WHAT NEEDS TO BE DONE » From the first line to the last, write out the records exactly, leaving the pictures behind.

THE INPUT »

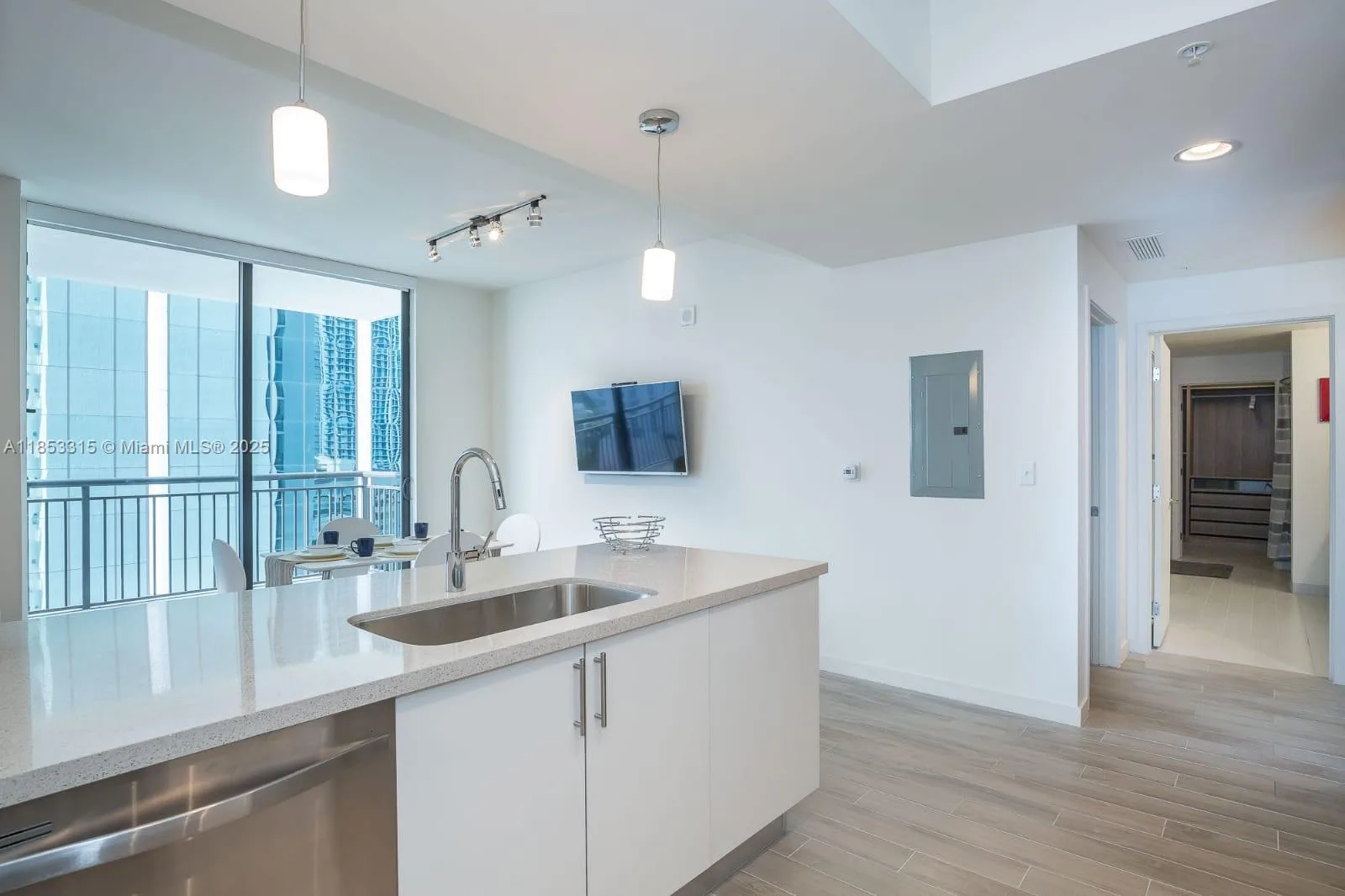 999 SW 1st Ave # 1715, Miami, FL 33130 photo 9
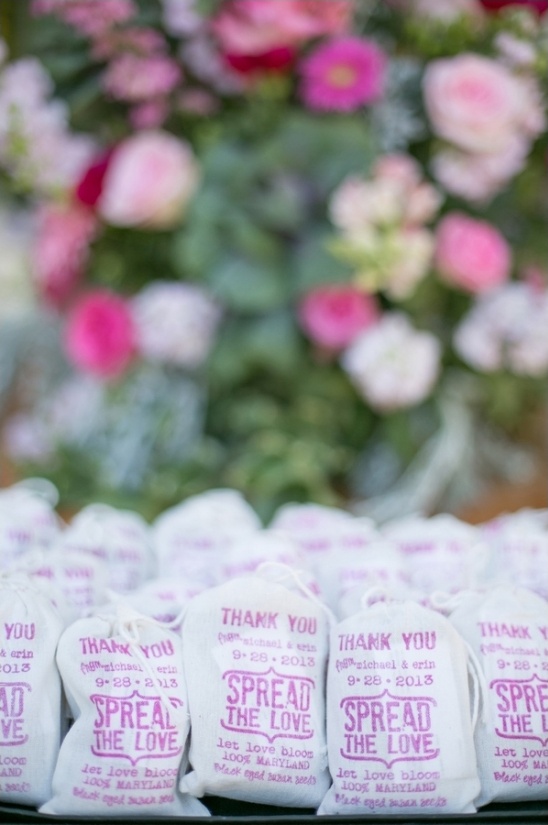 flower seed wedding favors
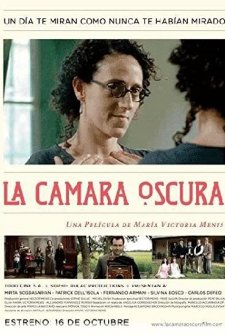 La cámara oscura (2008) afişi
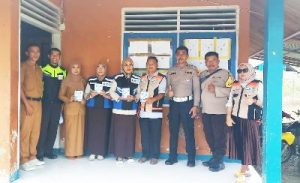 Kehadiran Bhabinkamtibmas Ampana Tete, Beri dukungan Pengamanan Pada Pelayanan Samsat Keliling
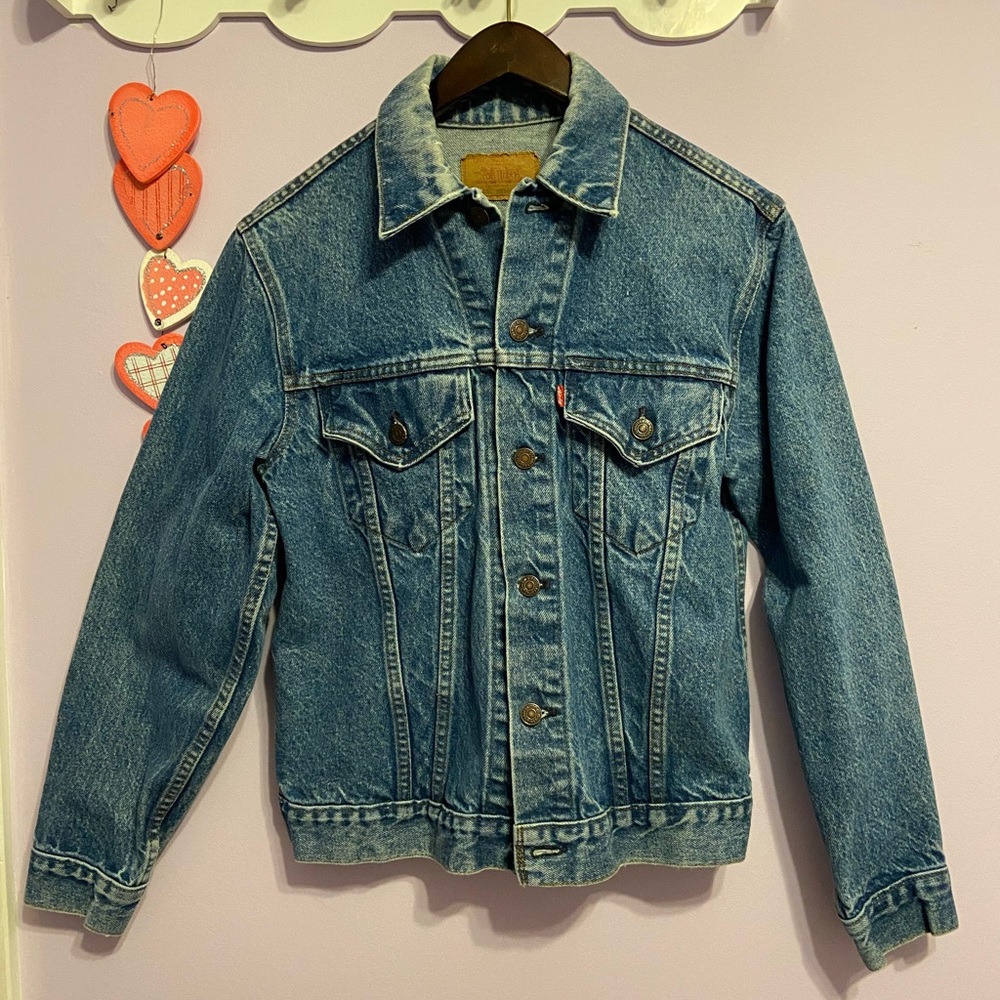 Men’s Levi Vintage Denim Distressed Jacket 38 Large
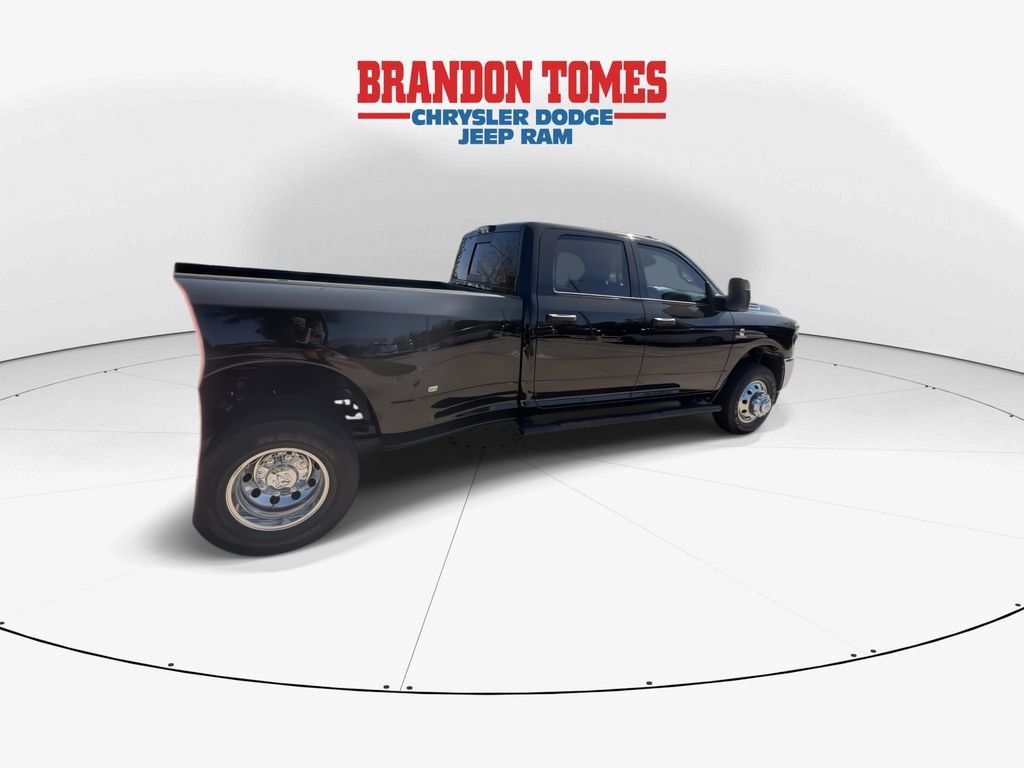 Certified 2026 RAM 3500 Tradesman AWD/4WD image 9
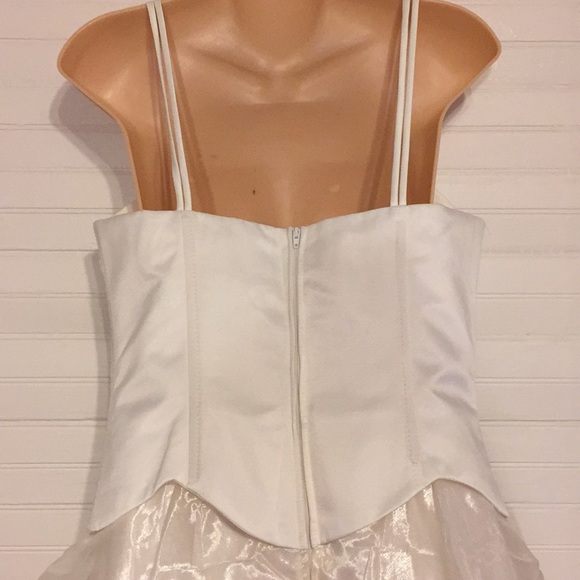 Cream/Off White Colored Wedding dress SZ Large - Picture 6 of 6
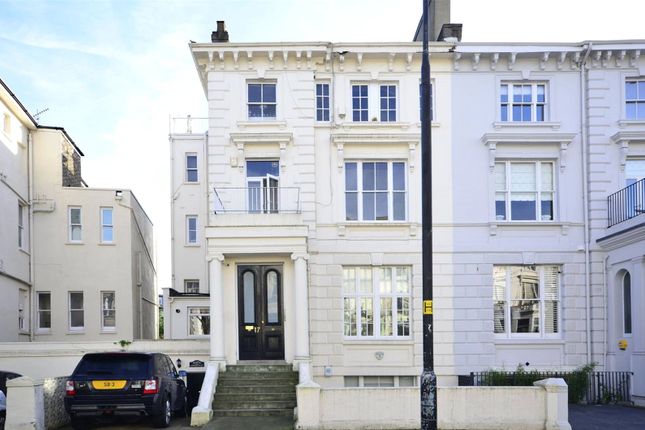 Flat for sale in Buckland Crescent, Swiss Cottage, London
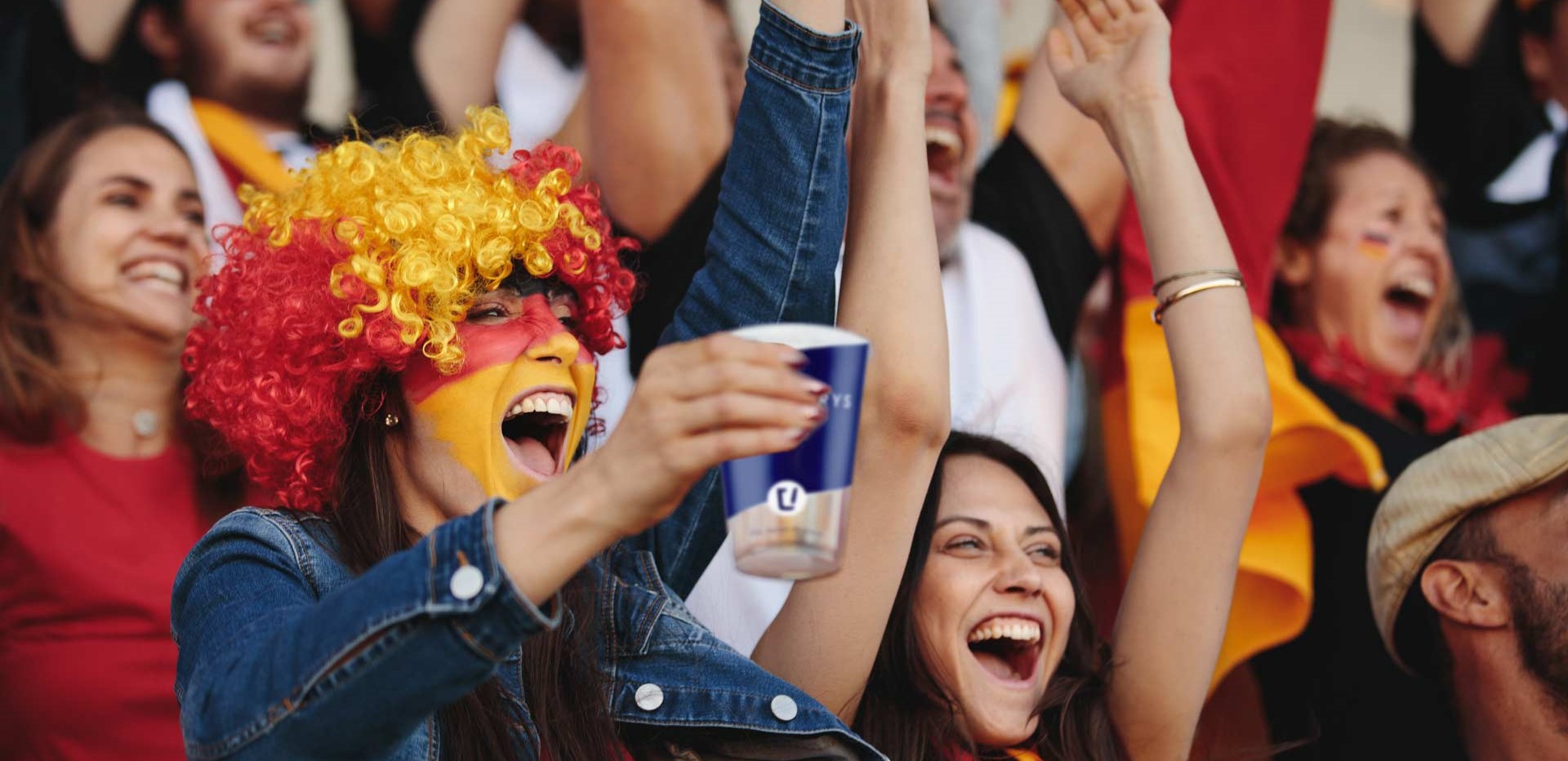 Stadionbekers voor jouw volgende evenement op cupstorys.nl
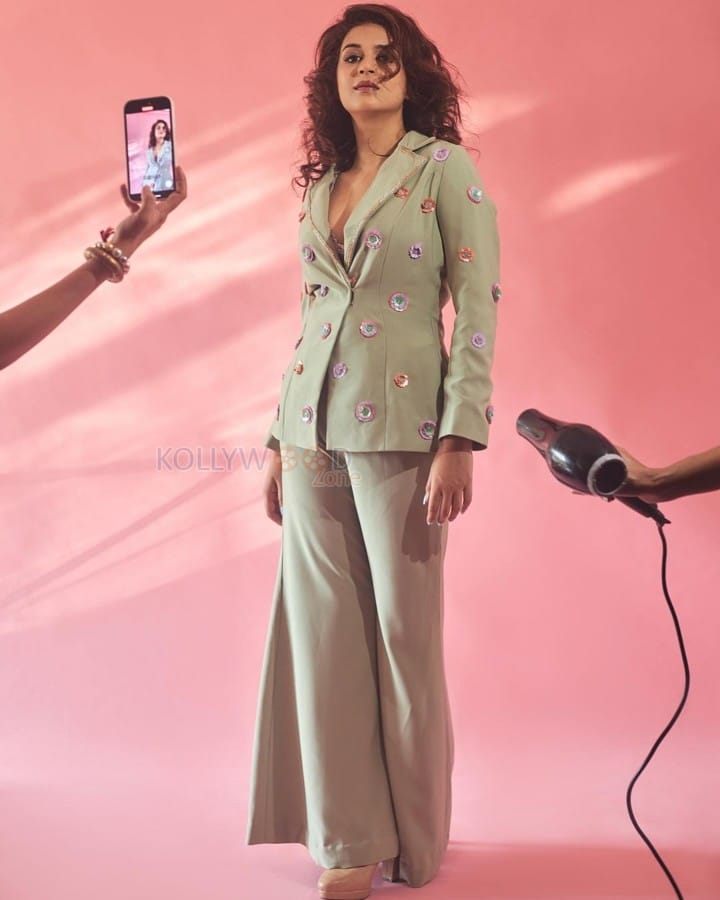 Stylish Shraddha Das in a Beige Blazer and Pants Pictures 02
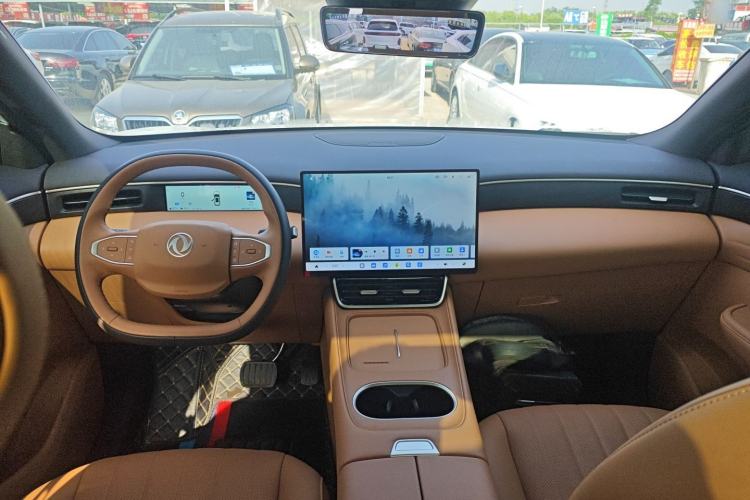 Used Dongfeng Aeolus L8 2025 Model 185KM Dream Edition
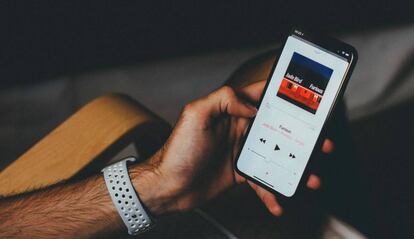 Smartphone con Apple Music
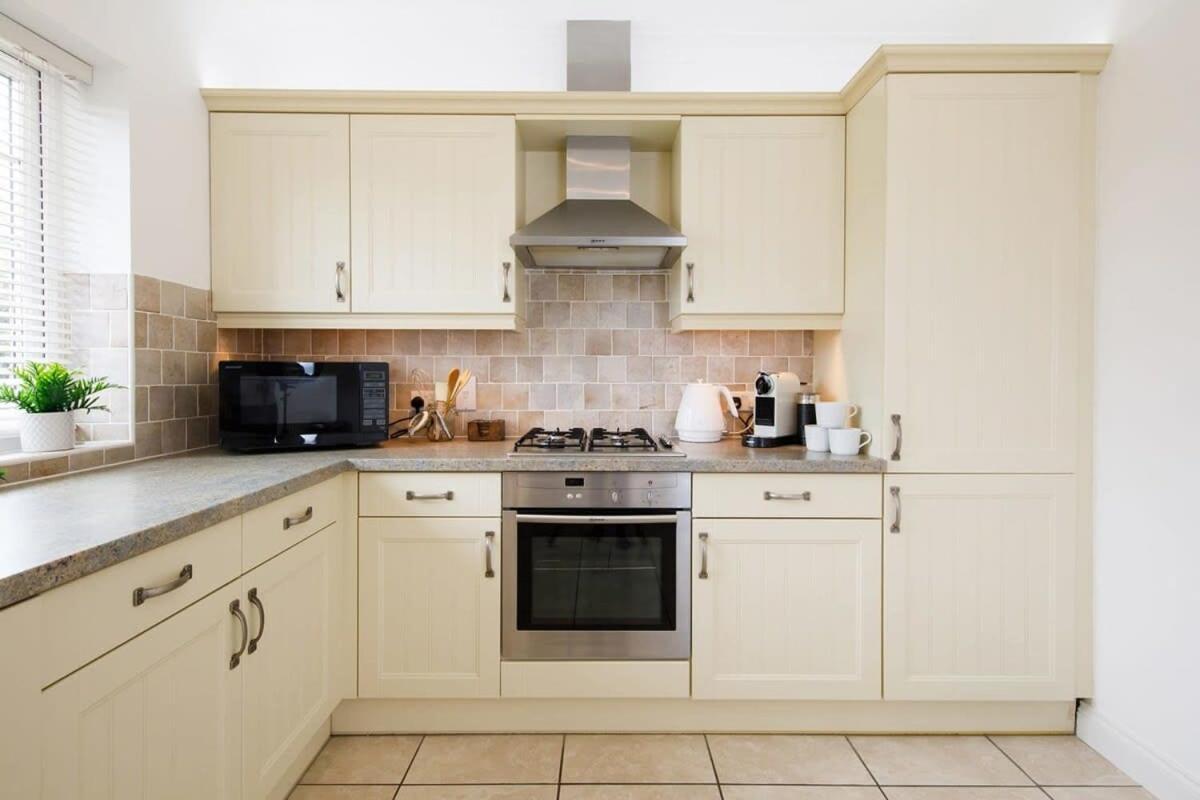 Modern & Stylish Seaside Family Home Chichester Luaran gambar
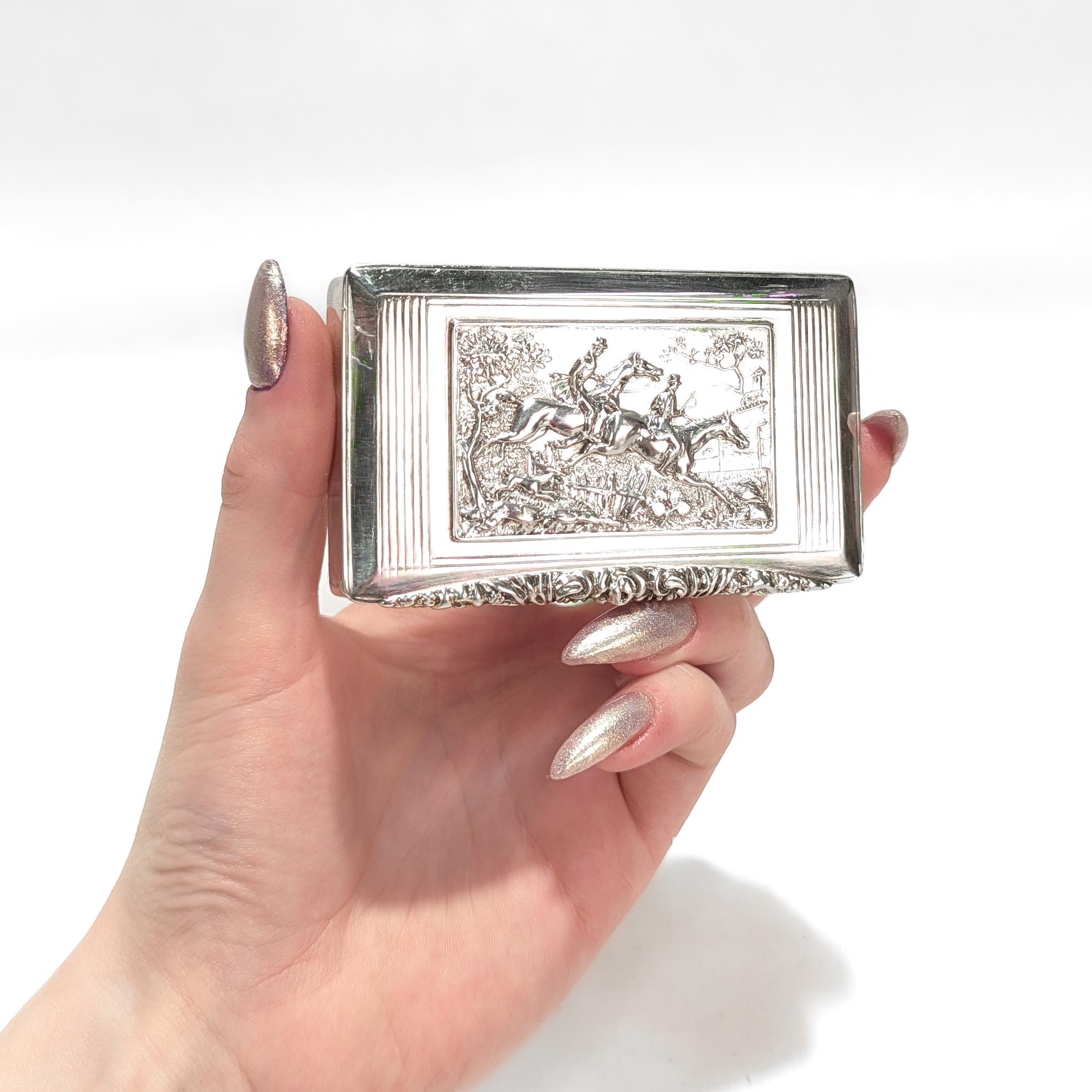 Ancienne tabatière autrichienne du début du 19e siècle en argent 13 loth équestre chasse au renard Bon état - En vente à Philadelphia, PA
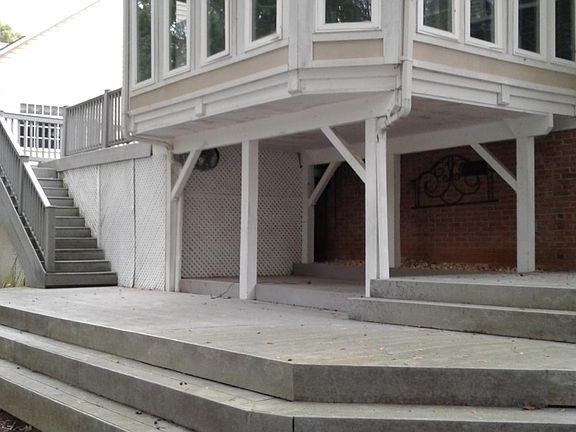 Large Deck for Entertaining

ANSWER TO THE EXERCISE »
 999 SW 1st Ave # 1715, Miami, FL 33130 photo 9
 flower seed wedding favors
 La cámara oscura (2008) afişi
 Kehadiran Bhabinkamtibmas Ampana Tete, Beri dukungan Pengamanan Pada Pelayanan Samsat Keliling
 Men’s Levi Vintage Denim Distressed Jacket 38 Large
 Certified 2026 RAM 3500 Tradesman AWD/4WD image 9
 Cream/Off White Colored Wedding dress SZ Large - Picture 6 of 6
 Flat for sale in Buckland Crescent, Swiss Cottage, London
 Stadionbekers voor jouw volgende evenement op cupstorys.nl
 Stylish Shraddha Das in a Beige Blazer and Pants Pictures 02
 Used Dongfeng Aeolus L8 2025 Model 185KM Dream Edition
 Smartphone con Apple Music
 Modern & Stylish Seaside Family Home Chichester Luaran gambar
 Ancienne tabatière autrichienne du début du 19e siècle en argent 13 loth équestre chasse au renard Bon état - En vente à Philadelphia, PA
 Large Deck for Entertaining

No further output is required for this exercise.